--- START ---

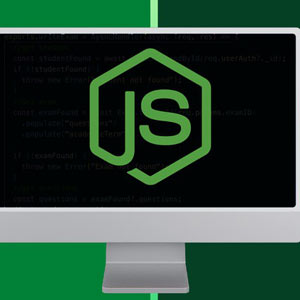 NodeJs API Project: School Management System API course 2023 2023-1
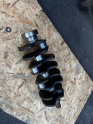 Oto Çıkma Parça / Motor / Krank / Hyundai / Sonata / Çıkma Parça 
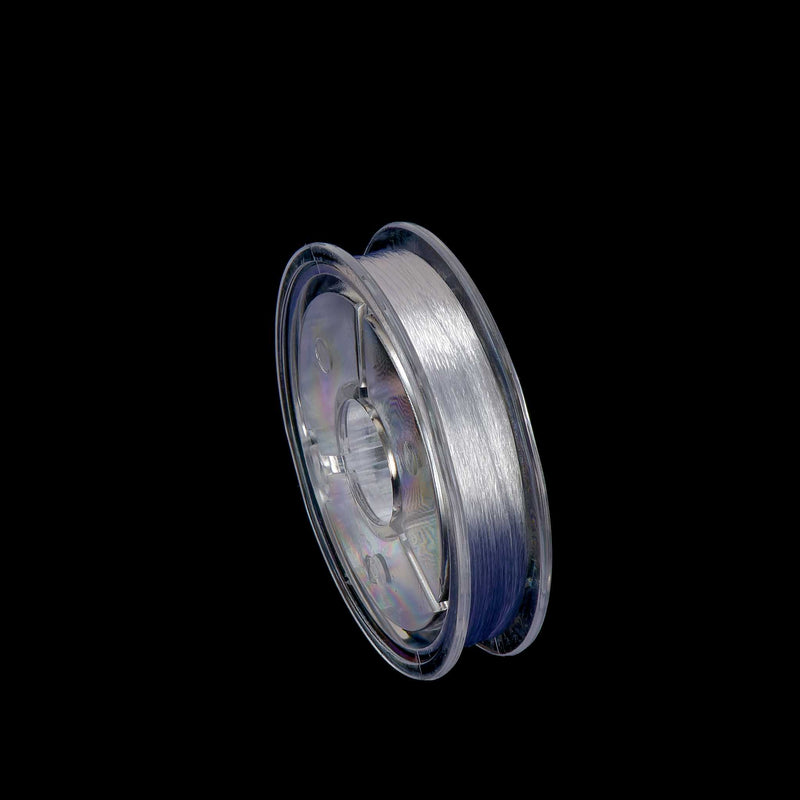 Marufuji Shirasu Fiber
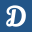 dolugen.com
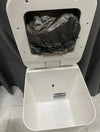 Cubo de basura Townew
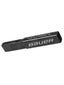 Bauer Vapor X60 Composite End Plug Sr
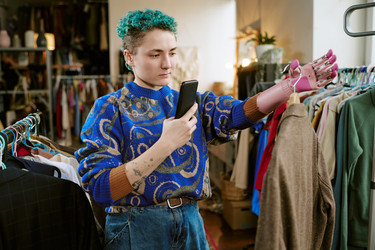 Similar image 22449469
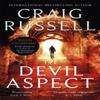 The Devil Aspect by Craig Russell Paperback Book 9781472128331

--- END ---

▸ ASSIGNMENT: Would you print the listing above in full, exactly, but with no pictures?

▸ WRITTEN SOLUTION:
 NodeJs API Project: School Management System API course 2023 2023-1
 Oto Çıkma Parça / Motor / Krank / Hyundai / Sonata / Çıkma Parça 
 Marufuji Shirasu Fiber
 dolugen.com
 Cubo de basura Townew
 Bauer Vapor X60 Composite End Plug Sr
 Similar image 22449469
 The Devil Aspect by Craig Russell Paperback Book 9781472128331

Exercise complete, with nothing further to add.